Check out some screenshots down below:

Taking place in Russia in the early 19th century, Indika puts players in the role of the young nun of the same name, though she’s a little bit… different to the other nuns at the Covent, so much so that they share a sense of disdain towards her. It’s something she is aware of, and as she completes the menial tasks given to her to keep her out of the way (but that somehow get her in peculiar situations), she’ll share her thoughts on everything that’s going on around her. The only thing is, her thoughts can be VERY dark, and with the devil himself always near, the world and her perception of it is never quite ‘normal’.

It’s hard to talk about the storytelling of Indika because I really don’t want to give anything away. This is very much a narrative-driven experience, with it even taking a ‘walking simulator’ approach at times with how it delivers each story beat. I will note that it explores multiple themes though, with religion being the most prevalent but also complemented by things such as free-will, the fear of isolation, the power of evil, and so forth. Honestly? I found myself completely absorbed in it all, with the reveal of even the smallest of details drawing me more and more into Indika’s surreal world. Again, I don’t want to reveal too much about the storytelling, but it’s undoubtedly the highlight of this very unique experience.

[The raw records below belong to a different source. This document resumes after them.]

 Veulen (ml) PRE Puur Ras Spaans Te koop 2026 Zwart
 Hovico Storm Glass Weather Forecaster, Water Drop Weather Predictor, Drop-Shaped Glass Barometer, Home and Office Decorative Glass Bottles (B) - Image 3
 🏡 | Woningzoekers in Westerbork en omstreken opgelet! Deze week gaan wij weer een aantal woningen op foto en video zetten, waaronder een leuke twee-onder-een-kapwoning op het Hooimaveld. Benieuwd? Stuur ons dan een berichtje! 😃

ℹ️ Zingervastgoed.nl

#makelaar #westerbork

“There were definitely sequences throughout Indika’s roughly five-hour playtime that left my jaw dropped as I wondered what the hell was even going on, but, looking back, I think they were my favourite moments.”

When it comes to the gameplay, as mentioned, Indika can feel like a bit of walking simulator with its focus on following a linear path and seeing the story unfold. That’s not to say that there won’t be plenty of moments of interactivity along the way though, with players not only able to take a more detailed look around their surroundings but also finding themselves in puzzling moments where they’ll have to unravel a problem to progress. None are especially difficult, but in a game that takes a slower pace as it focuses on the narrative, it’s always refreshing when you find some sort of obstacle in your path. The puzzles often lean into the more unique aspects of the game too, especially when the devil gets involved, but that’s better for the player to discover themselves.

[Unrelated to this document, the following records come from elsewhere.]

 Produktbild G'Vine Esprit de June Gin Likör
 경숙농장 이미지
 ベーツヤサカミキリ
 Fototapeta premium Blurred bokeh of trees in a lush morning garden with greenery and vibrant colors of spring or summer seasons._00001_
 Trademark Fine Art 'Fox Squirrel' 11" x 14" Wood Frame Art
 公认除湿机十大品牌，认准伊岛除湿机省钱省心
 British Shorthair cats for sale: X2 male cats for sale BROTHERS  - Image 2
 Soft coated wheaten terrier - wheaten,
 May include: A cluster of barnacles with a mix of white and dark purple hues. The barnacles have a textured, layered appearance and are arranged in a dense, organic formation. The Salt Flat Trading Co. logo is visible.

One of the greatest strengths of the experience lies with its unpredictability. Whilst this is most predominant with the storytelling and how Indika explores a plethora of themes in a uniquely dark manner, there were also moments across the gameplay that caught me off-guard. For example, given the slower pace of the game, I didn’t expect to find myself in a chase sequence with a monstrous dog, but there we go. The game also veers from its photo-realistic presentation to an old-school 2D platformer at times too, which is bizarre given the context of the adventure, but somehow fits in PERFECTLY. It delivers plenty of moments that’ll surprise the player, and whilst I won’t spoil anymore of them here, I’d definitely suggest keeping a close eye on everything that’s going on in order to pick up on every little detail in the world.

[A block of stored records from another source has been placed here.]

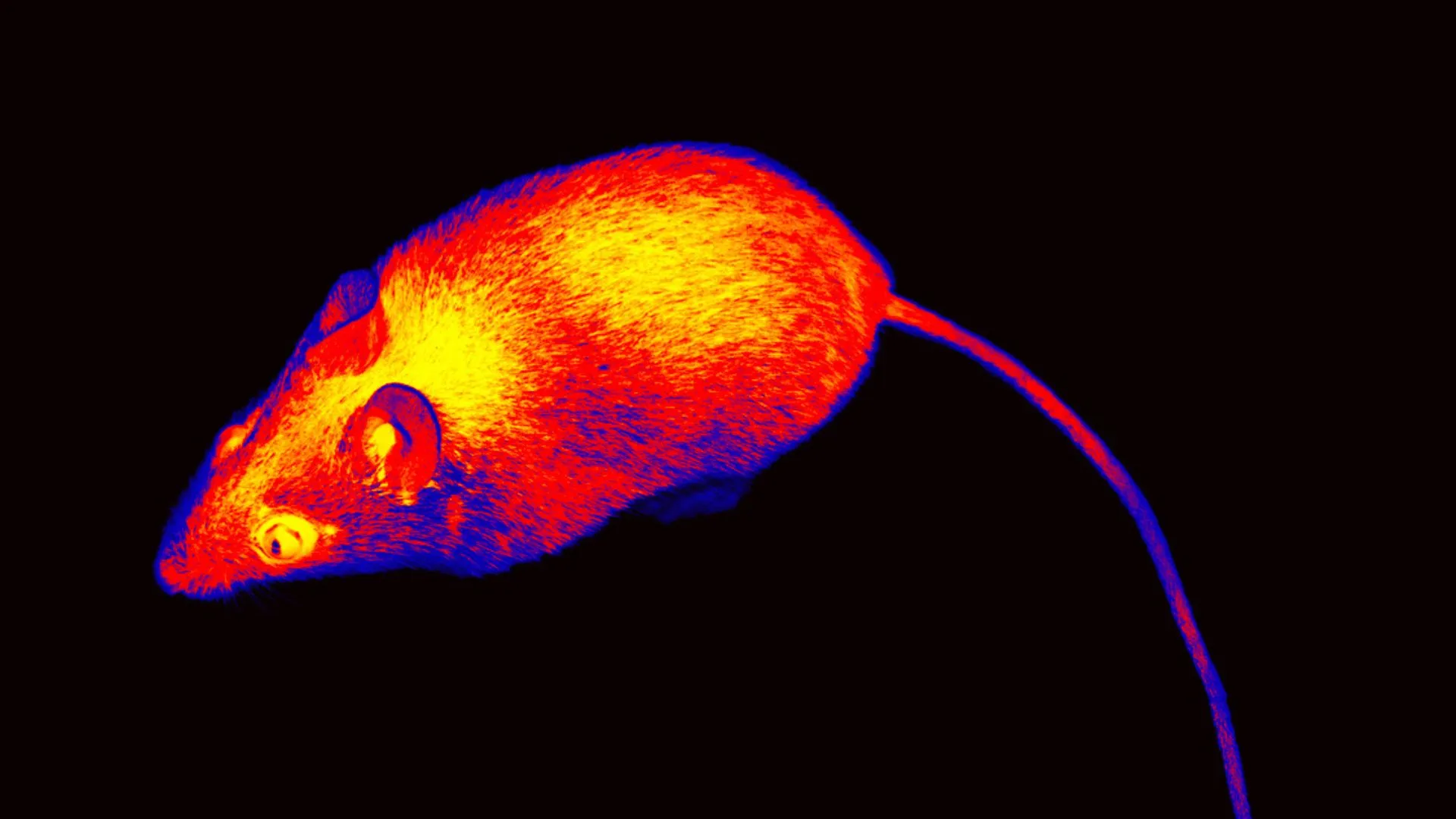 人類細胞在小鼠器官中生長的實驗進展與倫理考量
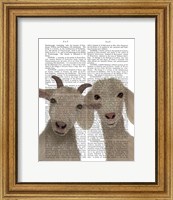 Framed Goat Duo, Looking at You Book Print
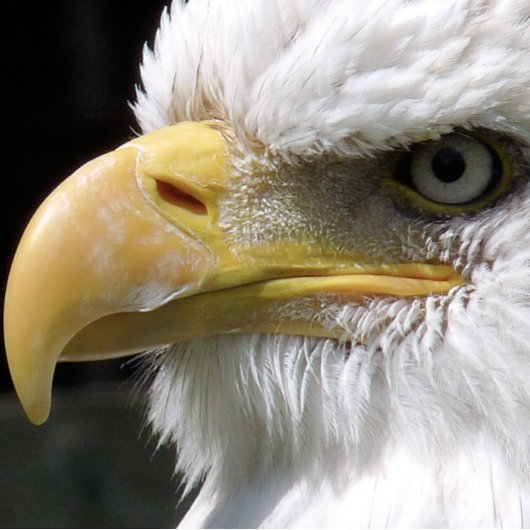 EAGLE BIRD OF PREY   薄葉紙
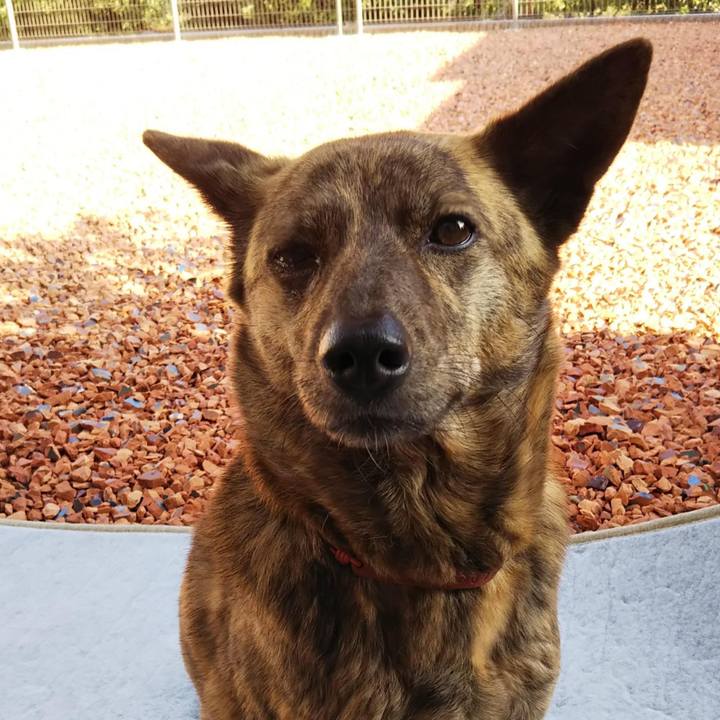 F3bbc91c c1ae 485f 8084 3aef10ee6be6 1528530408733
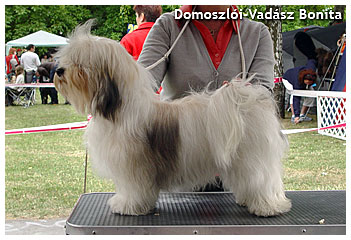 Bonita - Szkesfehrvr CACIB Dog Show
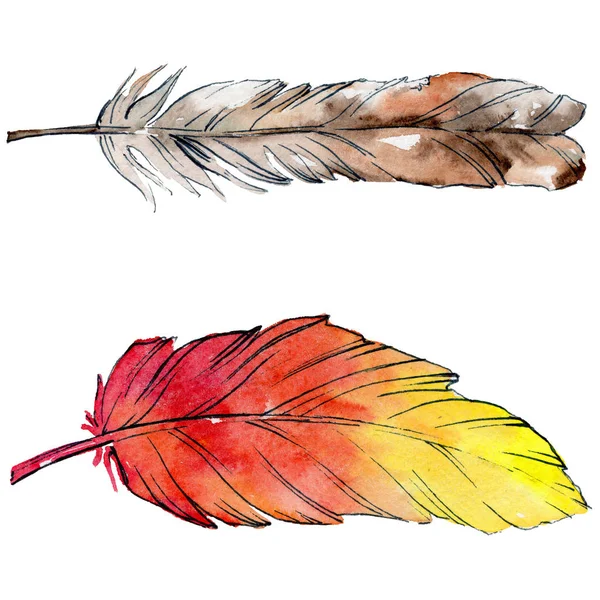 Watercolor bird feather from wing isolated. — Stock Photo, Image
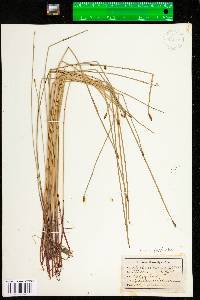 Eleocharis palustris image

Check out some screenshots down below:

Oh, and the skill tree and points you seem to be earning in the game? They were expertly delivered to feel befitting of the oddities that Indika continually delivers. It’s so self-aware of the unique experience that it offers that it’s easy to simply get on-board with it and simply enjoy the ride. It reminded me of Alan Wake II in some ways, which was another game that did leave me feeling a little baffled at times, but did so in a suspenseful and clever way that left me all the more absorbed in the experience. There were definitely sequences throughout Indika’s roughly five-hour playtime that left my jaw dropped as I wondered what the hell was even going on, but, looking back, I think they were my favourite moments. It certainly left me with plenty of questions by the time I was finished, but more than anything, I’m excited to go through all over again just to try and pick up on anything I might have missed.

I can’t end this review without mentioning the visuals, which were simply outstanding. The character models are outright insane at times, with Indika featuring some of the best facial details that I’ve seen in ANY game. The environments looked fantastic too, with the snowy 19th century Russia setting bringing with it some marvellous architecture that is a treat to explore. And when the game takes you to one of its more… ‘unreal’ environments? It’s fantastic. It is worth noting that I did come across a few little visual issues here and there (mostly caused by some animations freezing and the camera glitching out), but Indika is otherwise a gorgeous game.

Indika Review

Indika is uniquely brilliant in its own peculiar way, with the bizarre yet enthralling narrative unlike any that I’ve seen in a game before. It’s suspenseful, thought-provoking, and bizarre in equal measure, yet it had me utterly enthralled from start to end. It looks absolutely gorgeous too, and whilst the slower pace of the gameplay won’t be for everyone, it has enough ideas on show with its interactivity and puzzling to keep players engaged.

It’s just a compelling experience that I adored being a part of. I don’t want to give too much about Indika away because its constant surprises are one of its greatest strengths, but believe me, you wouldn’t have played anything quite like this before.